A group of GOP senators — including Sen. Chuck Grassley (R-Iowa), the chairman of the Judiciary Committee, and Sen. John Cornyn (R-Texas), McConnell’s top deputy — are expected to introduce legislation on Monday that mirrors Trump’s framework.
That includes a path to citizenship for roughly 1.8 million immigrants brought into the country illegally as children in exchange for $25 billion in border security and changes to legal immigration.
But the plan is unlikely to get the 60 votes needed in the Senate with Democrats largely opposed to the measure and a small band of Republicans wary of the cuts to legal immigration.
The Senate is turning to a potentially weeks-long fight over immigration on Monday, with lawmakers expected to take up an unrelated House-passed bill being used as the vehicle for the chamber’s floor fight.
McConnell has pledged that the debate will be “fair” to both sides. He is using a nonimmigration bill as the Senate’s starting point.

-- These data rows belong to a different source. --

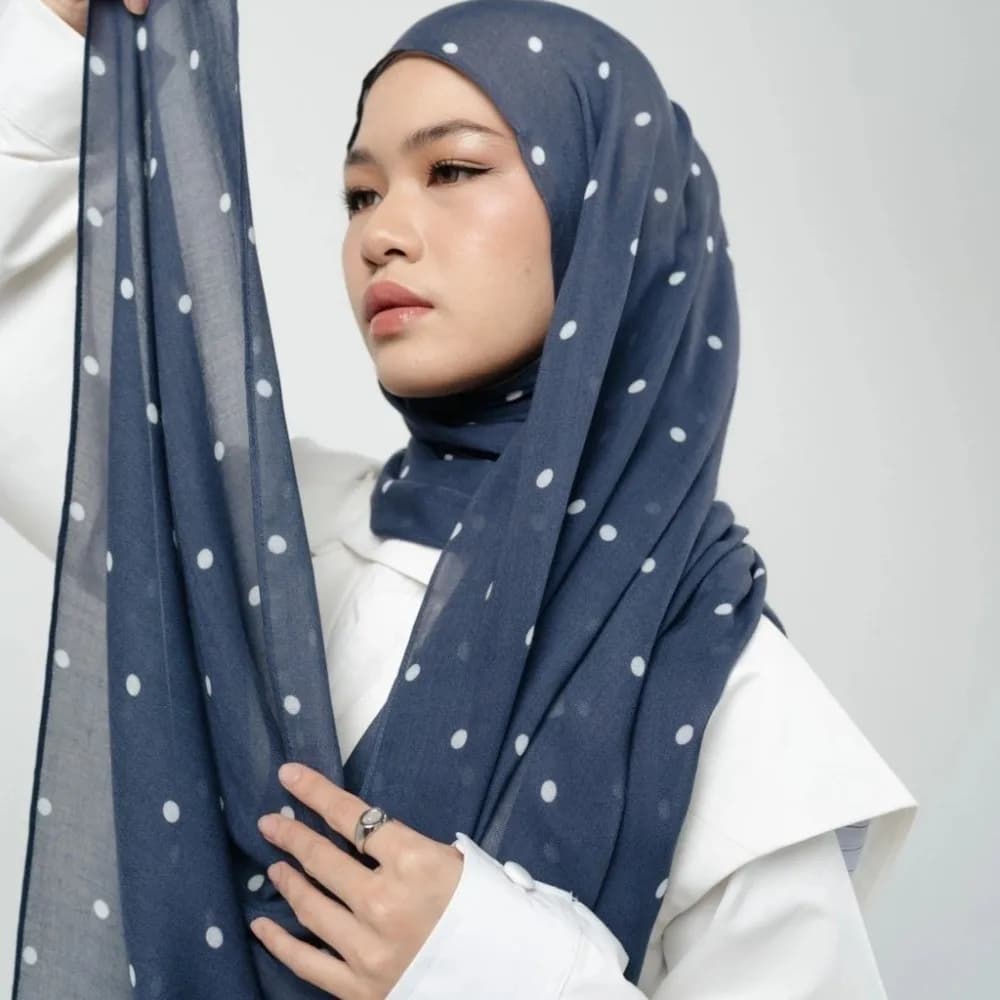Breathable Sunscreen Polka Dot Headscarf Cotton Long Hijab Scarf Head Wrap Veil Thin Large Shawl Vacation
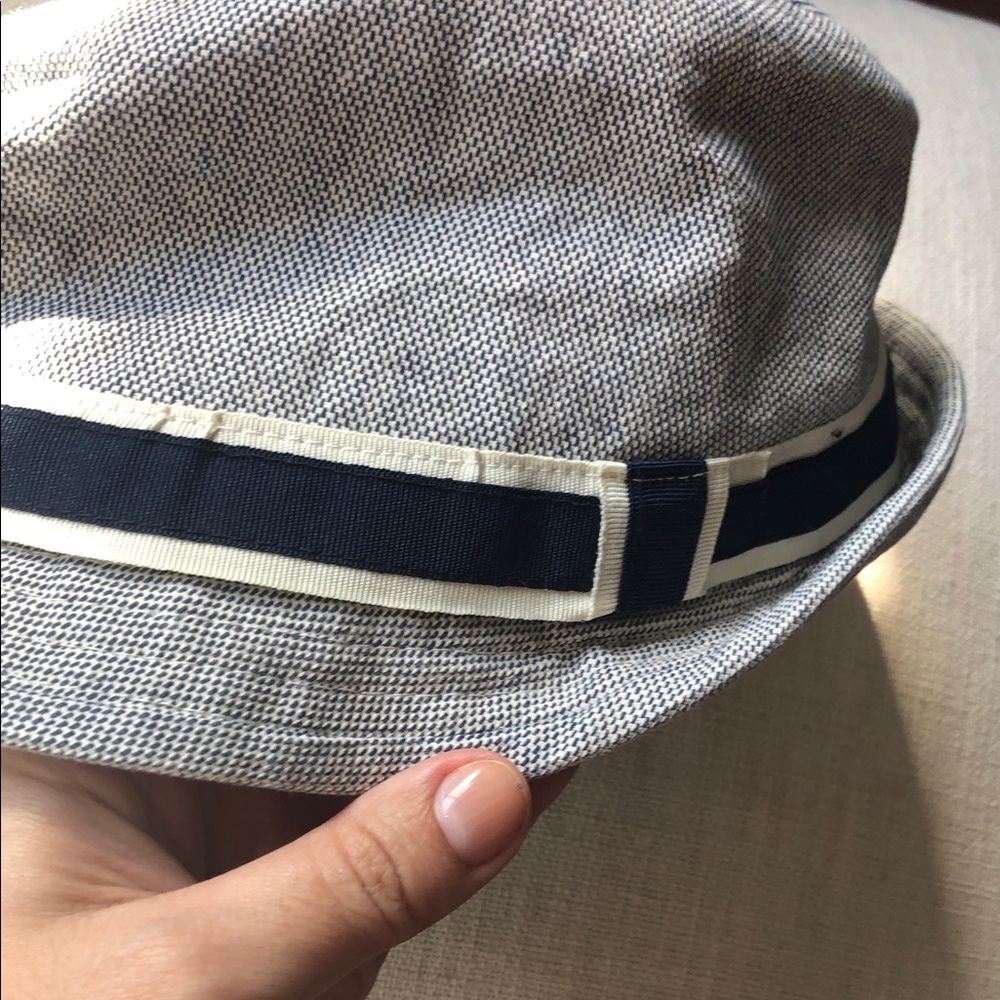 Light Gray Textured Bucket Hat with Navy Band - Picture 6 of 6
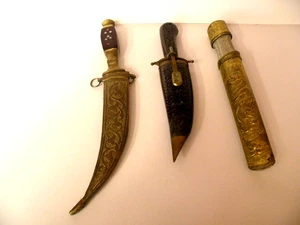 3 CUCHILLOS DECORATIVOS VINTAGE PEQUEÑOS LATÓN DAGA INDIA, SO ASIA 8" L - Imagen 1 de 17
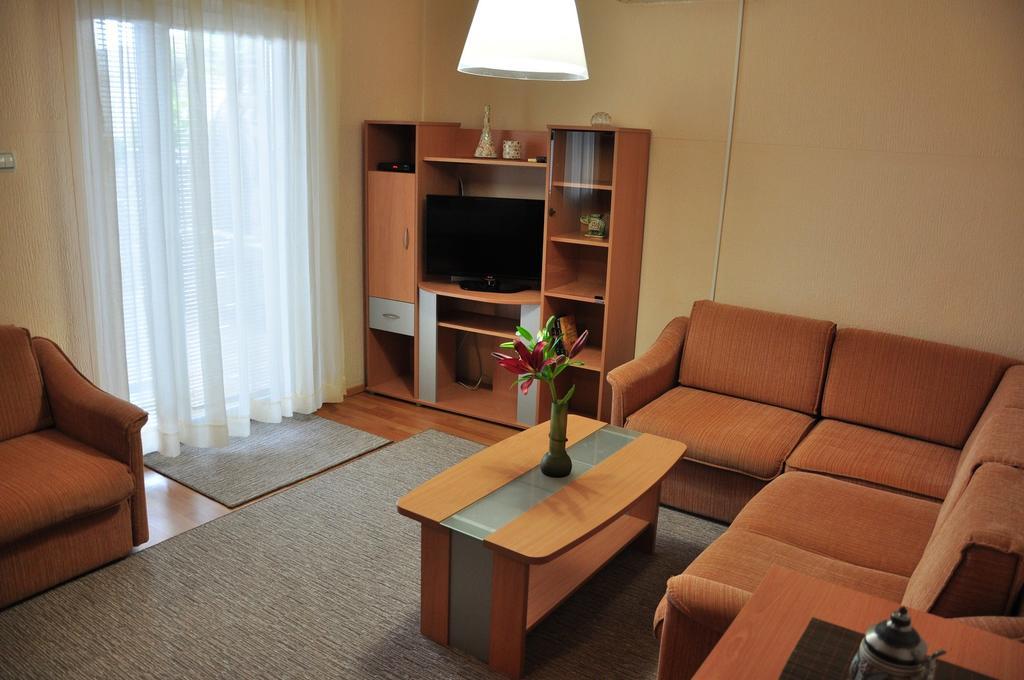 Comfort Apartments บาร์ ภายนอก รูปภาพ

“Now is the time to back up the talk with the hard work of finding a workable solution. That means finding an agreement that can pass the Senate, pass the House, and which the president will sign. Not just making a point. … The time for political posturing is behind us,” he said Monday.

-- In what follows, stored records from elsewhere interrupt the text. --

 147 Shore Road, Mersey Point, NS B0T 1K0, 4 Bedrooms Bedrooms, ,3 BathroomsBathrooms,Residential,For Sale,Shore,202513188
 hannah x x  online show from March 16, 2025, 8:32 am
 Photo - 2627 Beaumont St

But how the Senate’s debate ends is anybody’s guess as lawmakers continue to hunt for a plan that can get 60 votes.
As a fail-safe, multiple senators are working on a back-up plan that would pair a temporary extension of the Deferred Action for Childhood Arrivals (DACA) program with border security.
Trump kicked the immigration fight to Congress last year with his decision to end the DACA program, which allows certain immigrants brought into the country illegally as children to work and go to school without fear of deportation.
Though a court decision has thrown a hurdle in the timeline, the administration’s decision originally gave lawmakers until March 5 to find a deal or risk the deportation of roughly 700,000 immigrants.